I turned to look at him, his familiar soft emerald eyes calming my nerves quickly. The last fight had lasted so long I wouldn’t have been surprised if my eyelids were stunned open. I hadn’t been able to look away for a single second. It wasn’t that I was enjoying these barbaric displays of a twisted form of entertainment. Rather I felt as though with every move they made I was learning something. My mind registered what move to make next and when a fight had reached the point of a determined winner.

His question took a moment to register before I could give a small nod in response. “Yes, a little.” How had he known that my stomach had started to turn into knots not because of the bloody manner of the games but because I’d grown hungry? Had my stomach growled and given me away?

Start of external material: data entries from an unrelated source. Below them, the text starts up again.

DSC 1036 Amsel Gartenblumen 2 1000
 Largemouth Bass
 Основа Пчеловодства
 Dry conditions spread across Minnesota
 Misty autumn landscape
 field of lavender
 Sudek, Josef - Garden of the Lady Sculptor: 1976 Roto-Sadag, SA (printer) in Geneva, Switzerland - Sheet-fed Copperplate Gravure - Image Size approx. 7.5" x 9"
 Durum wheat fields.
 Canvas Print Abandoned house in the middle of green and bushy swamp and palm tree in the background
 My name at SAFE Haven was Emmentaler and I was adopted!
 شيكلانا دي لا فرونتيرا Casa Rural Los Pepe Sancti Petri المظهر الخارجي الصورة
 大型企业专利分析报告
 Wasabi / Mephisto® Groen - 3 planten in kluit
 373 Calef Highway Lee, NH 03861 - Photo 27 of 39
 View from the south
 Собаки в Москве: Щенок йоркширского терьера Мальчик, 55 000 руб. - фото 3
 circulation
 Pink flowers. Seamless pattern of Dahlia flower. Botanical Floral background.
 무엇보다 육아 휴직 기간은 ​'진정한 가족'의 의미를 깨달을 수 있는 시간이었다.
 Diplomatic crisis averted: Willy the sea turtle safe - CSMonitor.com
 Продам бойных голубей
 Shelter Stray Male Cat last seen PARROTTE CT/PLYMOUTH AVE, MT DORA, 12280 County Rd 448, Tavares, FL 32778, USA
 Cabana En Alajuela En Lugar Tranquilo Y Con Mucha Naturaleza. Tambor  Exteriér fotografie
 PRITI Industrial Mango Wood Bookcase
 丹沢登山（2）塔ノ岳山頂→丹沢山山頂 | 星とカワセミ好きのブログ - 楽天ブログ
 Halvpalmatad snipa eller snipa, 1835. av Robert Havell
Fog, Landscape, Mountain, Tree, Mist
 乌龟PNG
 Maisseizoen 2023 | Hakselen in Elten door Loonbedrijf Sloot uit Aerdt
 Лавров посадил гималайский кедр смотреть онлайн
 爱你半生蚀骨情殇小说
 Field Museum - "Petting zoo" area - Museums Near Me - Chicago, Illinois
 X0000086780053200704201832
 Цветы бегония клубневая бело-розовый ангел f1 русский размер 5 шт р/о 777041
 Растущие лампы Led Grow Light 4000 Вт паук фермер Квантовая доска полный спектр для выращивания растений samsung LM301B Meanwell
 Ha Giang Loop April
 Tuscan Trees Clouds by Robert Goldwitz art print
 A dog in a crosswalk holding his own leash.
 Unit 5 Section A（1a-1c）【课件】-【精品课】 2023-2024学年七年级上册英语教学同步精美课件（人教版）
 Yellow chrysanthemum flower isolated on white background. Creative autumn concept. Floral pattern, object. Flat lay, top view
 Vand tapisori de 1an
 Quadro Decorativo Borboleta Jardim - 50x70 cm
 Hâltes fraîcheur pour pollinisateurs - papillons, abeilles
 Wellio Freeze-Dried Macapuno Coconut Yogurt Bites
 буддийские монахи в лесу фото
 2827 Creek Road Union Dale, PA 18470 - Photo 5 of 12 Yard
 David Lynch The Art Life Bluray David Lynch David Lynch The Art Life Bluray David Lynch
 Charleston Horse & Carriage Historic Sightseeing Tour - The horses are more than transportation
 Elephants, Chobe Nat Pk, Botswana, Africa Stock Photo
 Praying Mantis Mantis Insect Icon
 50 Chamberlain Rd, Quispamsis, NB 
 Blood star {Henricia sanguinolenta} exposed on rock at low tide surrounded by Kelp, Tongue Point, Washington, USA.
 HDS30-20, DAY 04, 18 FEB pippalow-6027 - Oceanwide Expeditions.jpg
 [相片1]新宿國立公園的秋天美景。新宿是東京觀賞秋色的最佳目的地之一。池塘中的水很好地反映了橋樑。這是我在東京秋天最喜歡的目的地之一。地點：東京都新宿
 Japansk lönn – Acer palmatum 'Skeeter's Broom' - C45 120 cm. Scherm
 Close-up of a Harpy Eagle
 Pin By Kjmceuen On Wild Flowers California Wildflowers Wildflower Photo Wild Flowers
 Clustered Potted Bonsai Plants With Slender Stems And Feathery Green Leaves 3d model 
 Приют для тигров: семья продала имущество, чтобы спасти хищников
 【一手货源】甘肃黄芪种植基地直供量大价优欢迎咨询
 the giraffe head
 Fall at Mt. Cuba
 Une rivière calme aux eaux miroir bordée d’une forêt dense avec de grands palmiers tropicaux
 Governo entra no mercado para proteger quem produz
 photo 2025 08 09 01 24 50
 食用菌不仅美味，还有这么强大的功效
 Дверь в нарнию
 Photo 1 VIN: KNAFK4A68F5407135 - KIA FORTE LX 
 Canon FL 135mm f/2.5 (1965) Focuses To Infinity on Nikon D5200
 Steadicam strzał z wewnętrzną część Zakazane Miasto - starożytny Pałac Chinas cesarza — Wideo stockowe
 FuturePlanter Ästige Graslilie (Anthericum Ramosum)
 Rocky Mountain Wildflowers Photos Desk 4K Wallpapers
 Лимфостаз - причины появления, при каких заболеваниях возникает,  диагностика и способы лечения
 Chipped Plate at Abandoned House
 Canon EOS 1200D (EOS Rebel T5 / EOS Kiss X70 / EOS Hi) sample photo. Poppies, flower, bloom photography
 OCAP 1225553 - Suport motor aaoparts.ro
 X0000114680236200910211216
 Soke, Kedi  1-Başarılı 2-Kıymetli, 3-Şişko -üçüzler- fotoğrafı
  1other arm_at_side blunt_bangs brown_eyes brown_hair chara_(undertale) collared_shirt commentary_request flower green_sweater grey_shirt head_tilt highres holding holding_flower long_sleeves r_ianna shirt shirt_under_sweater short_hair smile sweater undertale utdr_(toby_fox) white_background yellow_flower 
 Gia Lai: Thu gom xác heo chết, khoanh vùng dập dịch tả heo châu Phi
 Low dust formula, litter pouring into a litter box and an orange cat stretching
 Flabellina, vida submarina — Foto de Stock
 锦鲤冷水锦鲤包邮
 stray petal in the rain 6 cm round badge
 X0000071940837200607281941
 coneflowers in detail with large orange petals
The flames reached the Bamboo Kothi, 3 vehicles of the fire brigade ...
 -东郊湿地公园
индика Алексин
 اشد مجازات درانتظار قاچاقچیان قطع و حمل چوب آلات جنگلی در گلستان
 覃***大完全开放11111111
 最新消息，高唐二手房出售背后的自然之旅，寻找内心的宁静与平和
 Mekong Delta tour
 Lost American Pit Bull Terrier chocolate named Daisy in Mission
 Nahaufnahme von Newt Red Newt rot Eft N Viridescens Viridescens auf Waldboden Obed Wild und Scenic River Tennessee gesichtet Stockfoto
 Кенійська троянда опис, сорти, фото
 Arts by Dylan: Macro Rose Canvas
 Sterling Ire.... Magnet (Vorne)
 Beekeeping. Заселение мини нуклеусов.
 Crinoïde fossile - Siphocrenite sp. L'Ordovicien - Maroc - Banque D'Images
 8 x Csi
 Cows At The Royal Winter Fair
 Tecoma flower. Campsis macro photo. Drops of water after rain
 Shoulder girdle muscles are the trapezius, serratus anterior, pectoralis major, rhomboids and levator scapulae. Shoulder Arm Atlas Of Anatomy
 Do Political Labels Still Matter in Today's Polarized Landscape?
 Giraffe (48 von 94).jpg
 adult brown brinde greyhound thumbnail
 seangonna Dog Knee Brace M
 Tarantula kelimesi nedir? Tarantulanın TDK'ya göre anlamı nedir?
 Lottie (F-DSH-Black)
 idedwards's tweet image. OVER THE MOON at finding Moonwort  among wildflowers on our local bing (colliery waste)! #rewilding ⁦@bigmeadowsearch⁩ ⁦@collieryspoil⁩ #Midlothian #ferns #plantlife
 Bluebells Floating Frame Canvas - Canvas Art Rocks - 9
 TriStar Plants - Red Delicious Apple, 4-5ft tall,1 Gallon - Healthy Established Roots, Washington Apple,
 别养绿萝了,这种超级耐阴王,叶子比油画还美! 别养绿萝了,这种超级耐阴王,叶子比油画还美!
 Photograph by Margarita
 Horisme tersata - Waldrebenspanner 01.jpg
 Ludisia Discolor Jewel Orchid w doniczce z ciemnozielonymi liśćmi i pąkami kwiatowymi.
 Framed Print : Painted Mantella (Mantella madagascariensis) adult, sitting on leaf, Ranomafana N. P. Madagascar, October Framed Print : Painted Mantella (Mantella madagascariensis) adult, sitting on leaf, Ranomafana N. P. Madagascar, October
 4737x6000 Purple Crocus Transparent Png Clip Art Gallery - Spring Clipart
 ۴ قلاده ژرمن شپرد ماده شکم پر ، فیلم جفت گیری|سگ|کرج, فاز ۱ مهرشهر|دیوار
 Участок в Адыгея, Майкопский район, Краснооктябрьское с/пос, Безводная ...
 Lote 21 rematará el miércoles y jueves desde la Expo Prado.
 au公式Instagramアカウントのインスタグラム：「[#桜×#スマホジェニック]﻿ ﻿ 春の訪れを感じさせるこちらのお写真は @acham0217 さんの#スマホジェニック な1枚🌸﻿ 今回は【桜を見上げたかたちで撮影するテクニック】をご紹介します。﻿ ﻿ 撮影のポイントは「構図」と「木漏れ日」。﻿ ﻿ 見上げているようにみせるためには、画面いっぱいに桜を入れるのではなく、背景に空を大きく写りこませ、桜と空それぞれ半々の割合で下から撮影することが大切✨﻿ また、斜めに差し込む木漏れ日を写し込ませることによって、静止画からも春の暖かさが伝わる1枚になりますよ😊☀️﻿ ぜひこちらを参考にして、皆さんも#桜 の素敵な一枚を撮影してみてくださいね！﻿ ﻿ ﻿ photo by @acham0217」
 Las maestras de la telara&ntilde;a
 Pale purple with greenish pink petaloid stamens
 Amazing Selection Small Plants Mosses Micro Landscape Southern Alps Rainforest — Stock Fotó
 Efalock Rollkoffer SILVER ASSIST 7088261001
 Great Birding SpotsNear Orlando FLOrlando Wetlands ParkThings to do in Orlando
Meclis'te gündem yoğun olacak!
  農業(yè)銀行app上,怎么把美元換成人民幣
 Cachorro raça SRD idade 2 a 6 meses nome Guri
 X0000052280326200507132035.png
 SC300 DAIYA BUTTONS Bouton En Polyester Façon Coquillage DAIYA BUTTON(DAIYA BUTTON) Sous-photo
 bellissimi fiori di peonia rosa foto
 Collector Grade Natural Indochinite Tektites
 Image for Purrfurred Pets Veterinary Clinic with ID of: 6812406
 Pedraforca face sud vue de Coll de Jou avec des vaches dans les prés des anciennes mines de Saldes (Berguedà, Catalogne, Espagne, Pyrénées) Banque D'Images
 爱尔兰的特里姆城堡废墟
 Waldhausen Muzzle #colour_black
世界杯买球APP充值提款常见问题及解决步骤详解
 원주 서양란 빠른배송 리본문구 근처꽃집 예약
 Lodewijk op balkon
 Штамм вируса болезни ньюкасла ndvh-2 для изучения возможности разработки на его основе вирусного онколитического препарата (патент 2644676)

As if sensing my questions he gave a gentle smile and positioned a few curls of my deep golden brown hair in front of my shoulder before I could stop him. “It’s a short intermission in which we feed and mingle. The games are intended to be a social event for my kind.”

“Then perhaps we should be allowed to choose who we sit by?” Maria muttered, loud enough for us to hear. “I really am tired of games filled with silence.” She was, of course, referring to us.

Matthew had tried to make conversation for the first few minutes of the games but that ceased as soon as I’d removed his hand from my eyes and began to watch. His voice was no longer needed to soothe my nerves and so he stopped making small talk with Maria and began to watch the games as well. Every now and then I’d felt his eyes on the back of my head, observing my body as I watched. I couldn’t help but tense up every now and then as my nerves responded as though I were one of the people in the center.